* _Provided data_
=== Begin Enclosure ===
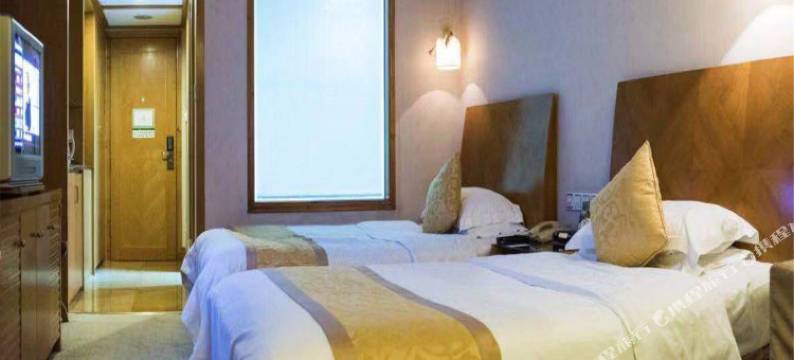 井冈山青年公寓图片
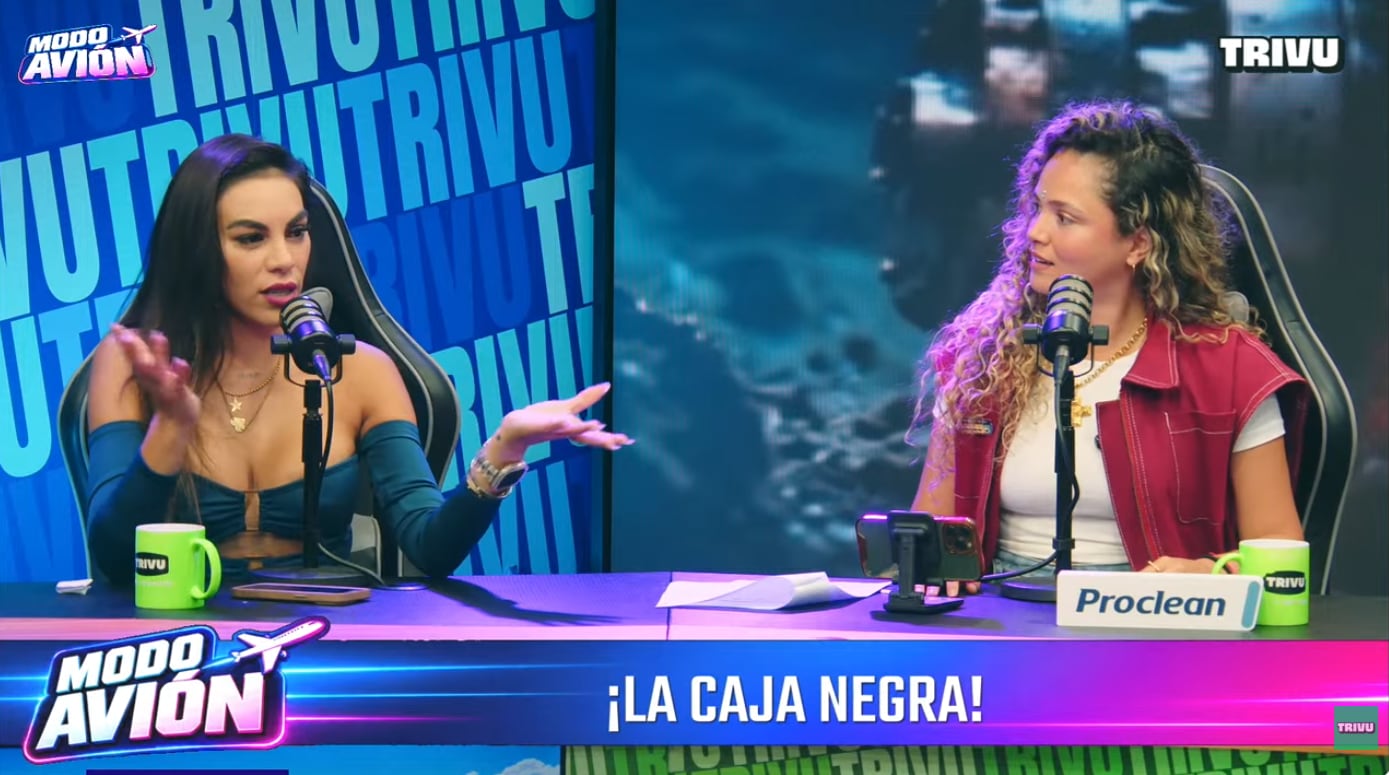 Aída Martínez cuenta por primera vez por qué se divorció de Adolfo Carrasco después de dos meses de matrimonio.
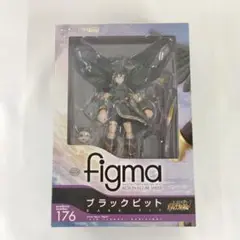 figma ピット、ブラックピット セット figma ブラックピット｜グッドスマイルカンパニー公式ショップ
=== End Enclosure ===
* _The problem_
This task calls for restating, word for word, each line from the line holding "Aída Martínez cuenta" through the end of the material, pictures left out.

* _Written answer_
 Aída Martínez cuenta por primera vez por qué se divorció de Adolfo Carrasco después de dos meses de matrimonio.
 figma ピット、ブラックピット セット figma ブラックピット｜グッドスマイルカンパニー公式ショップ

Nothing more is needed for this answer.